Originally Posted by Revenga:
“Yeah, I know that's the "reason", but I really don't buy it at all.
Wilf was heroic. He was more than prepared to die in the fight, even at the end he told the Doctor to leave him, and he WOULD have died. The Doctor had a crisis about it even though he'd survive, albeit in a new form.”
There are two ways of looking at this I can see. From one perspective we are told how it feels within the fictional universe. Like it or not, they're the rules as they're told to us. It is stated that it is like a new man saunters off.
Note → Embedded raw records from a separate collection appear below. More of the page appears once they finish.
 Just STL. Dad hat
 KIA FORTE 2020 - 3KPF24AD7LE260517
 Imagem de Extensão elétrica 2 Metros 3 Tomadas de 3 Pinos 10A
The other, more interesting for me, view is looking at how memory work. Most people think memory is like a recording that gets played back. Actually, research has shown that memory is far more like a simulation, a recreation, of certain 'key facts' interpreted with the current mental state as a background. This is why, when you remember yourself thinking things as a child, they sound far more 'adult' than you could have possibly been at that time. This can also be seen in people who have lost use of certain areas of V2 (secondary visual cortex) through strokes, head trauma, etc. Complex concepts like faces are recognised by specific, specialised areas of V2 and when these are knocked out the person cannot remember faces any more. The memory traces are stored elsewhere, but without the bit of the brain to simulate what's in those traces the memory is effectively gone.
Imagine a dramatic shift of personality then; suddenly those memories of being Ten, once you're Eleven, sound like being Eleven doing things that look inexplicable to your new personality. You'd think of them differently, and remember them differently. This more than justifies, to me, the idea of regeneration being like your existing self dying. It is far more realistic to me than the idea of just carrying on.